━━━ Records to use ━━━

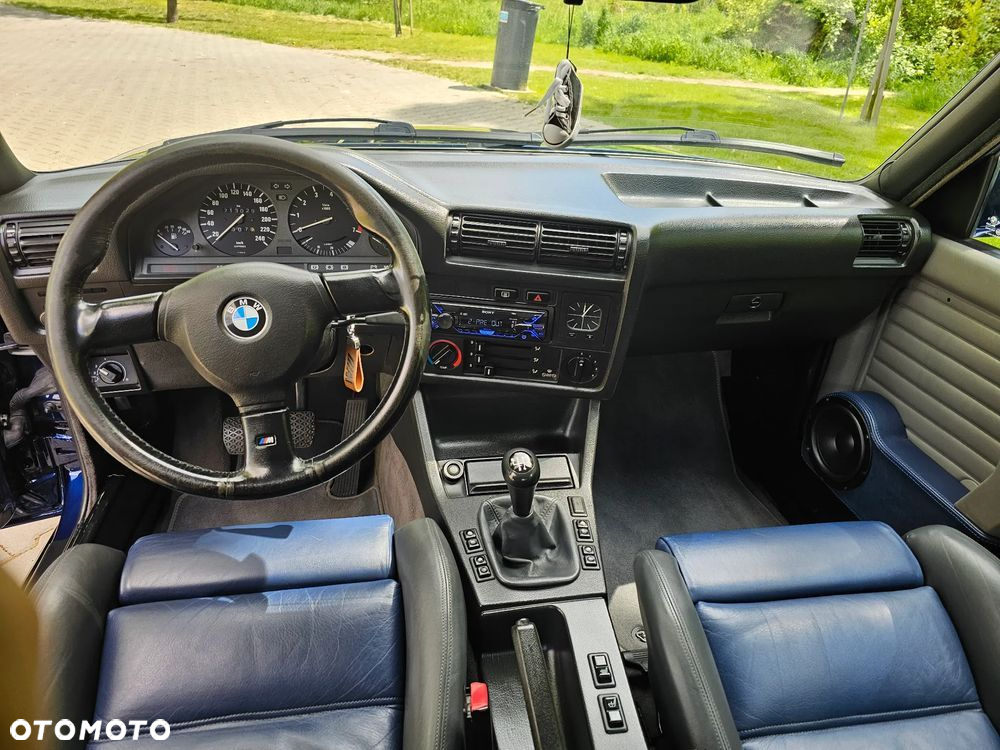 BMW Seria 3 320i - 33
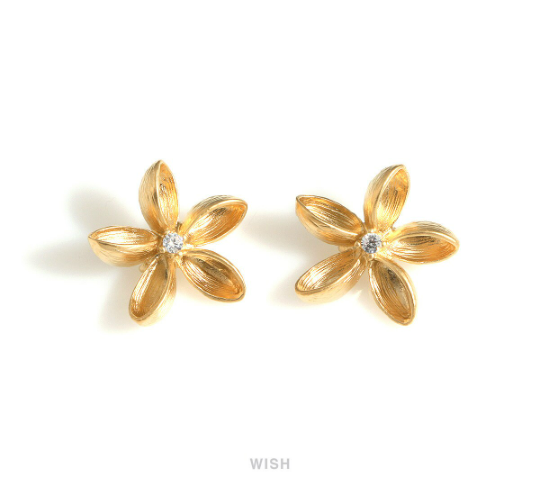 Wild Flower Charms with a Cubic Zirconia in Matte Gold, Gold Flower with a CZ Pendants / MMG-708-P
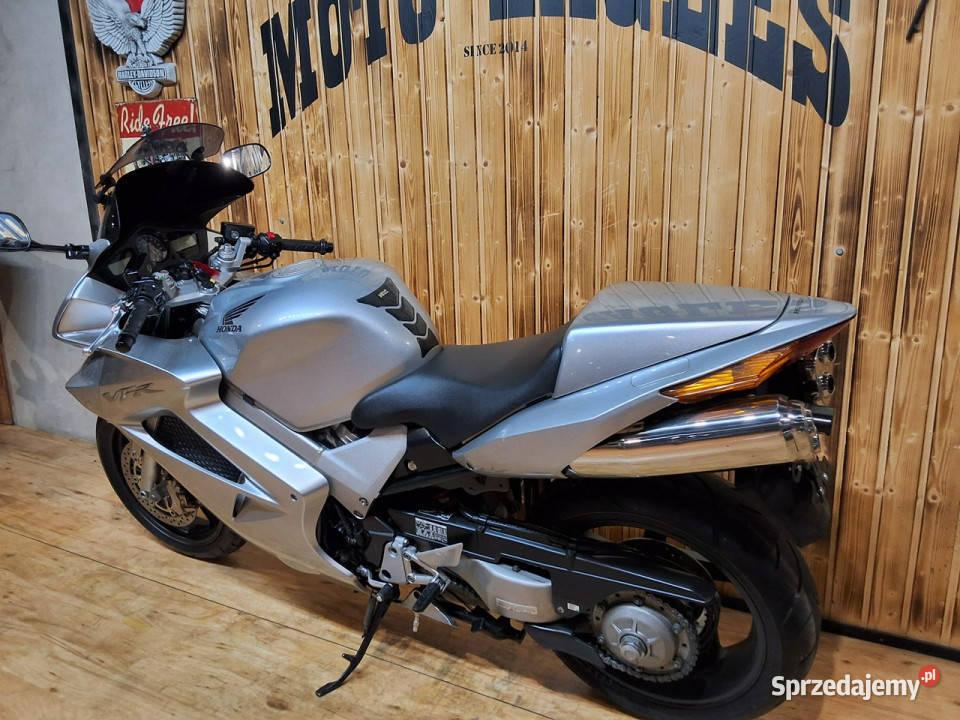 Honda VFR ZADBANY BŁYSZCZY technicznie super wielkopolskie Bicz sprzedam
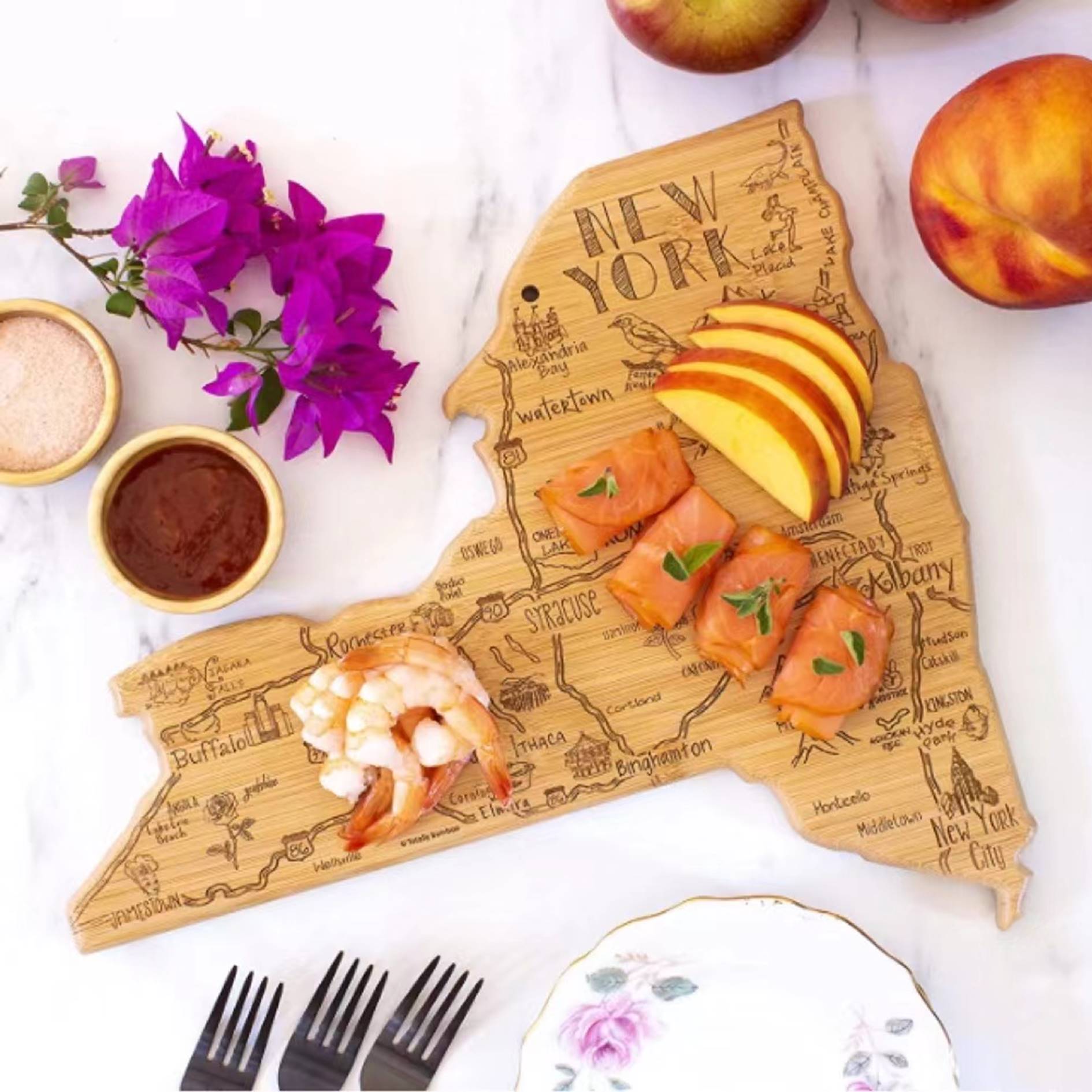 New York Shaped Wooden Cutting Board 2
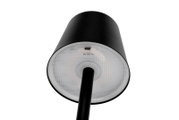 Onderaanzicht van een zwarte staande lamp op accu met USB-C-aansluiting en een gestructureerde lampenkap.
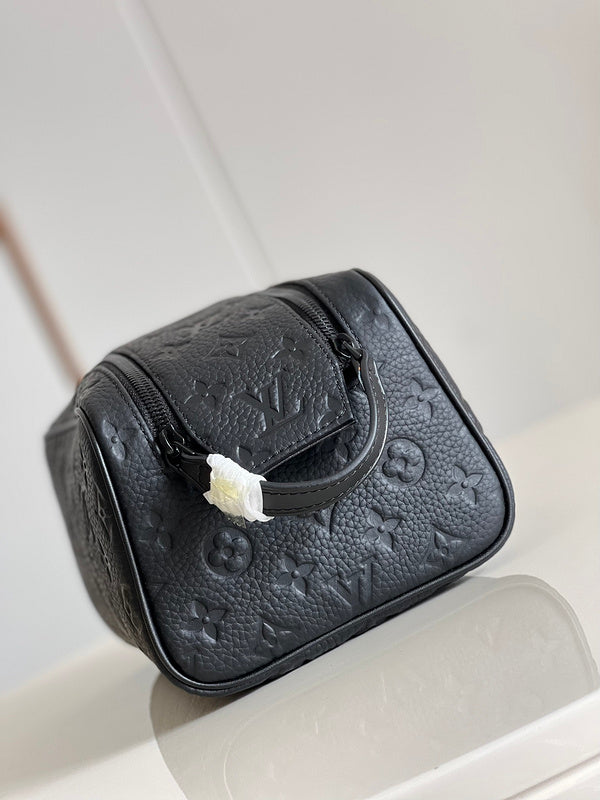 Fan Fashion Lu-Vi bags - 17029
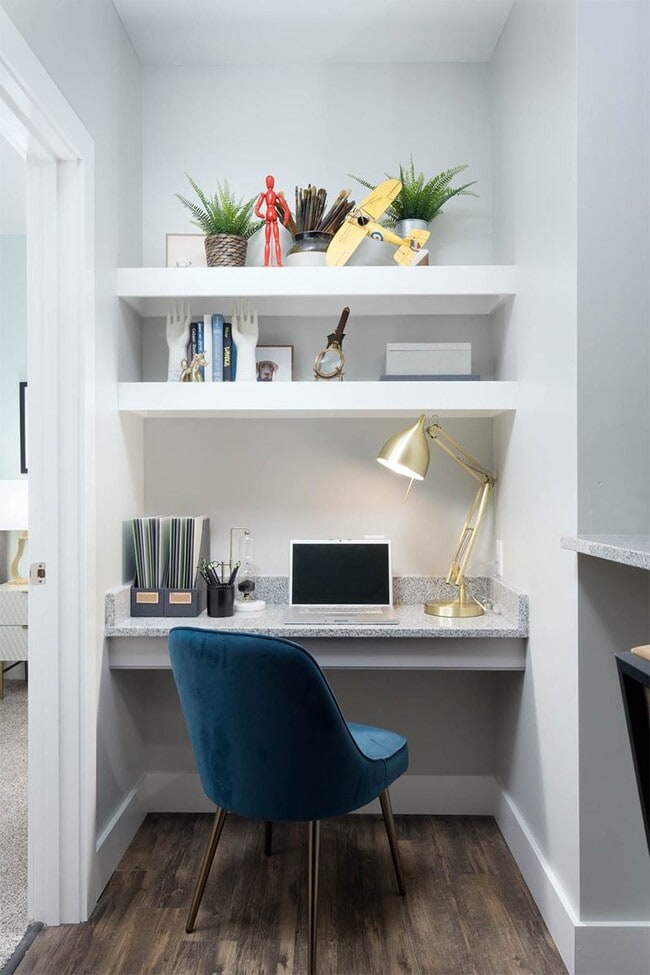 Photo - The RED Apartments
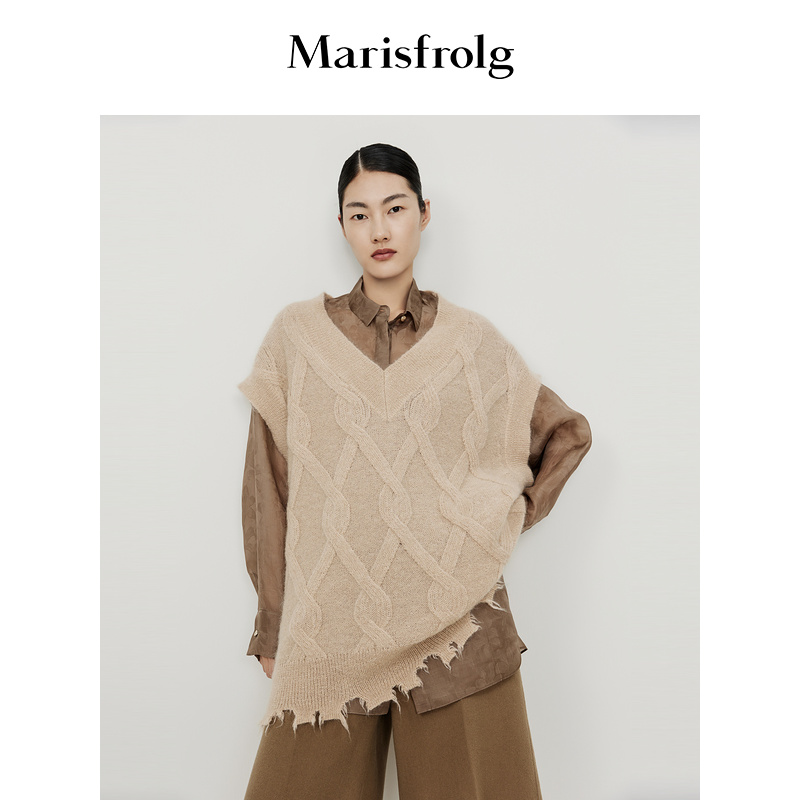 【会员价911元】玛丝菲尔秋季燕麦奶色V领宽松针织马甲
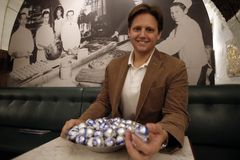 Spor o pralinky Mozartovy koule. Historik zpochybnil autorství cukrárny Fürst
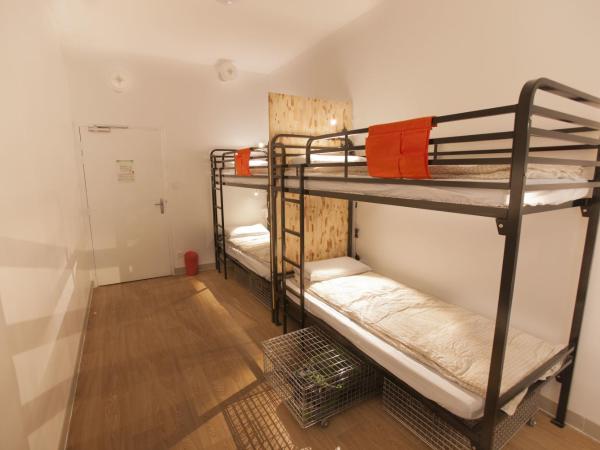 Le Flâneur Guesthouse : photo 2 de la chambre lit dans dortoir mixte de 4 lits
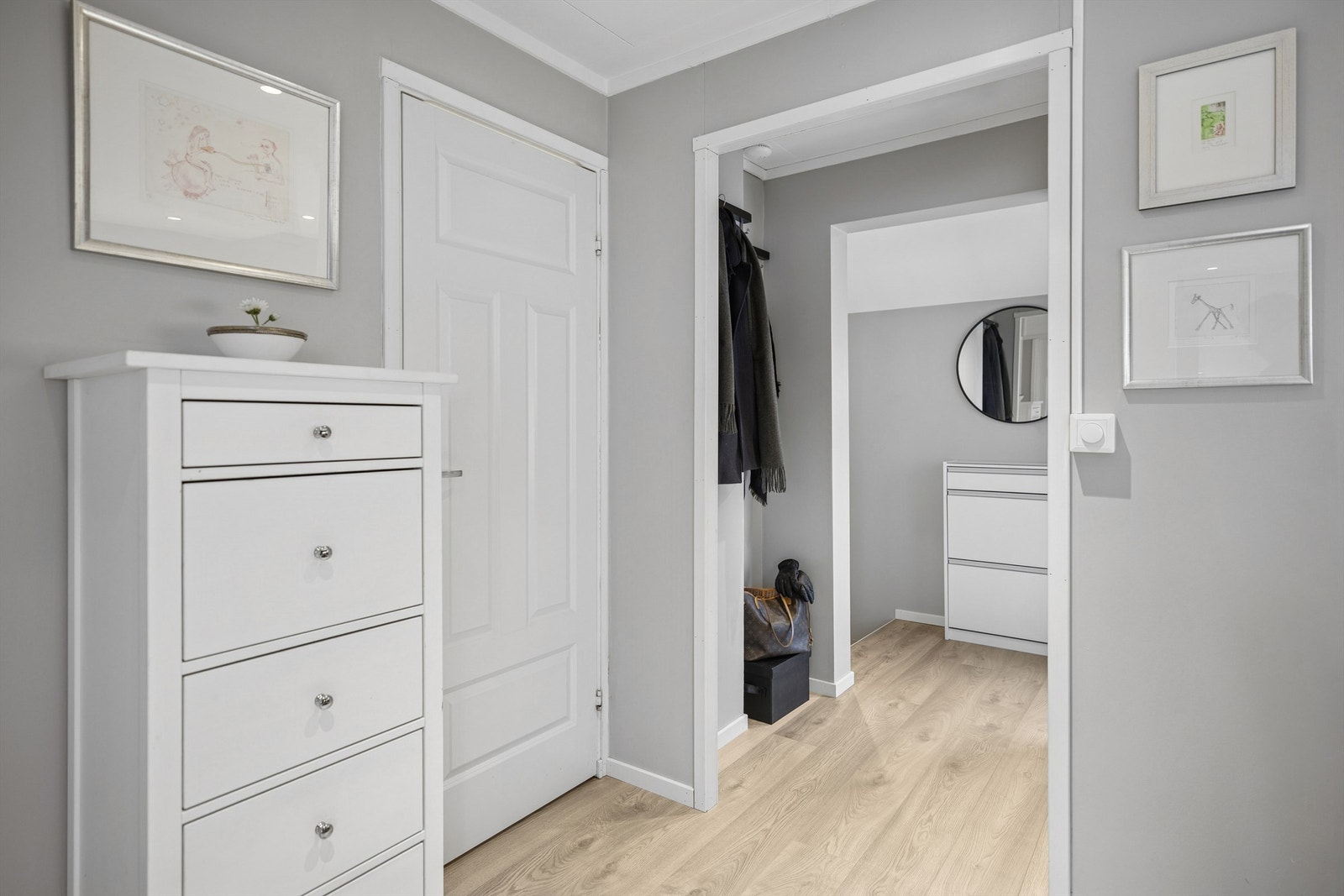 Leiligheten fremstår gjennomgående stilren og elegant, med harmoniske og smakfulle fargevalg. Galleribilde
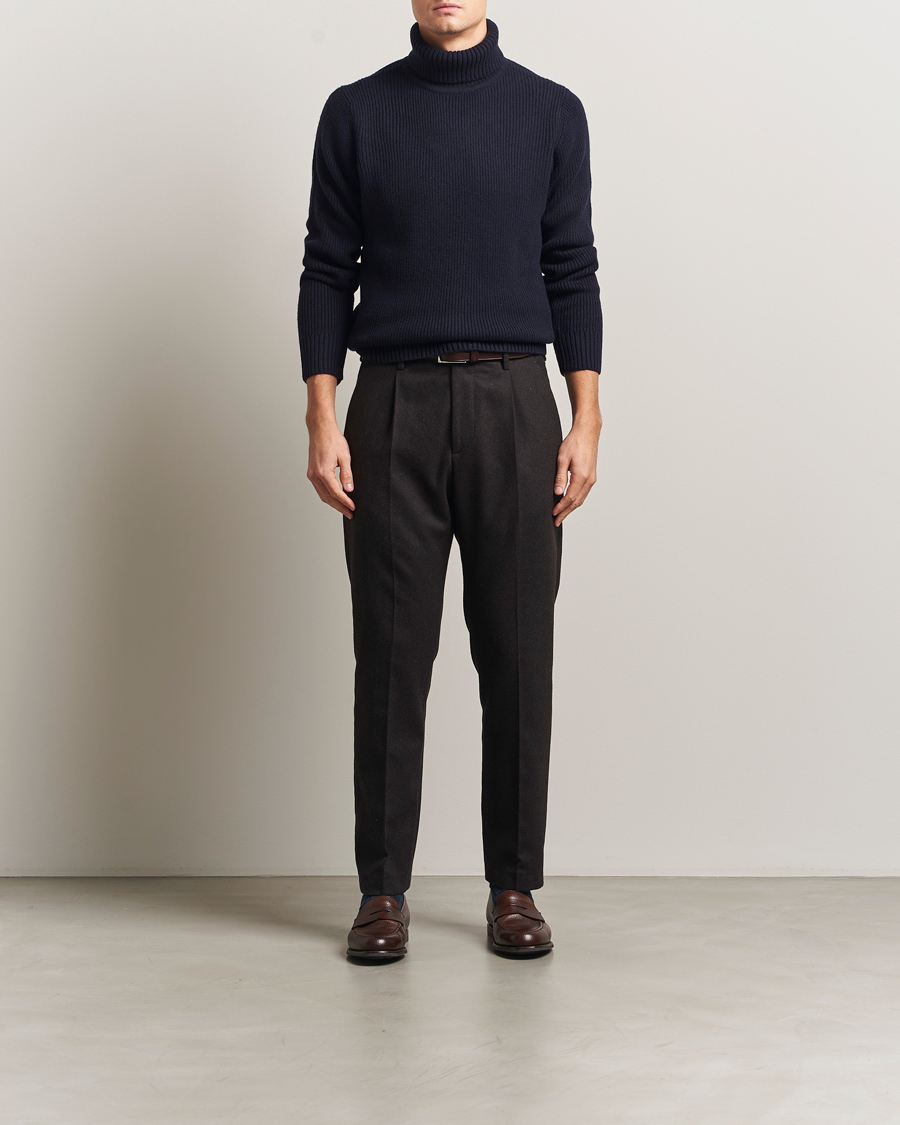 Hombres | Jerséis y prendas de punto | Charles Tyrwhitt | Chunky Merino Roll Neck Navy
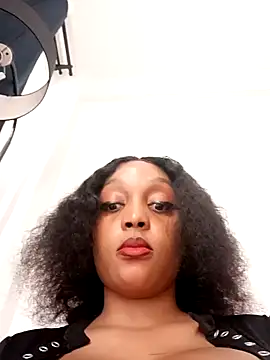 Snapshot of Busty_Bambi chatting on December 22, 10:17 am Busty Bambi online show from December 22, 10:17 am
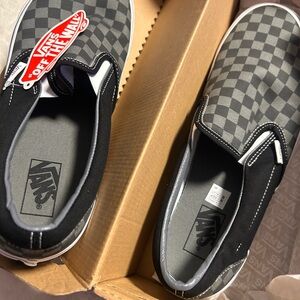 Hi.  Brand new in box size 13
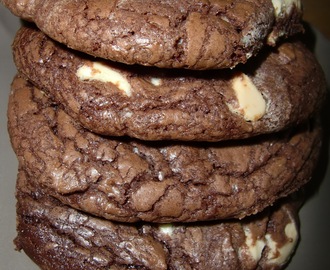 AMERIKANSKA COOKIES MED VIT CHOKLAD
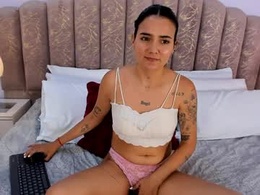 Screen Grab from sara_gil2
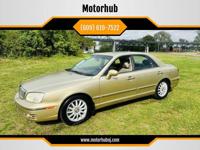 2004 Hyundai XG350 Base 4dr Sedan _Hyundai_ _XG350_ _Sedan_ - Image 2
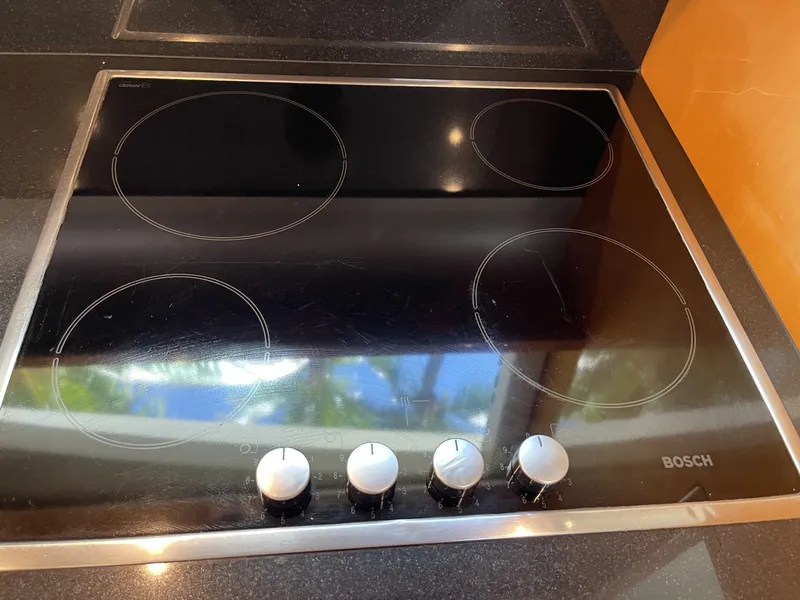 Slide: The Image of Uniesse 58 MY 2006 - 6057699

━━━

◆ **Exercise prompt**: Restate the data above exactly, stripping out each image.

◆ **Solution for this problem**:
 BMW Seria 3 320i - 33
 Wild Flower Charms with a Cubic Zirconia in Matte Gold, Gold Flower with a CZ Pendants / MMG-708-P
 Honda VFR ZADBANY BŁYSZCZY technicznie super wielkopolskie Bicz sprzedam
 New York Shaped Wooden Cutting Board 2
 Onderaanzicht van een zwarte staande lamp op accu met USB-C-aansluiting en een gestructureerde lampenkap.
 Fan Fashion Lu-Vi bags - 17029
 Photo - The RED Apartments
 【会员价911元】玛丝菲尔秋季燕麦奶色V领宽松针织马甲
 Spor o pralinky Mozartovy koule. Historik zpochybnil autorství cukrárny Fürst
 Le Flâneur Guesthouse : photo 2 de la chambre lit dans dortoir mixte de 4 lits
 Leiligheten fremstår gjennomgående stilren og elegant, med harmoniske og smakfulle fargevalg. Galleribilde
 Hombres | Jerséis y prendas de punto | Charles Tyrwhitt | Chunky Merino Roll Neck Navy
 Snapshot of Busty_Bambi chatting on December 22, 10:17 am Busty Bambi online show from December 22, 10:17 am
 Hi.  Brand new in box size 13
 AMERIKANSKA COOKIES MED VIT CHOKLAD
 Screen Grab from sara_gil2
 2004 Hyundai XG350 Base 4dr Sedan _Hyundai_ _XG350_ _Sedan_ - Image 2
 Slide: The Image of Uniesse 58 MY 2006 - 6057699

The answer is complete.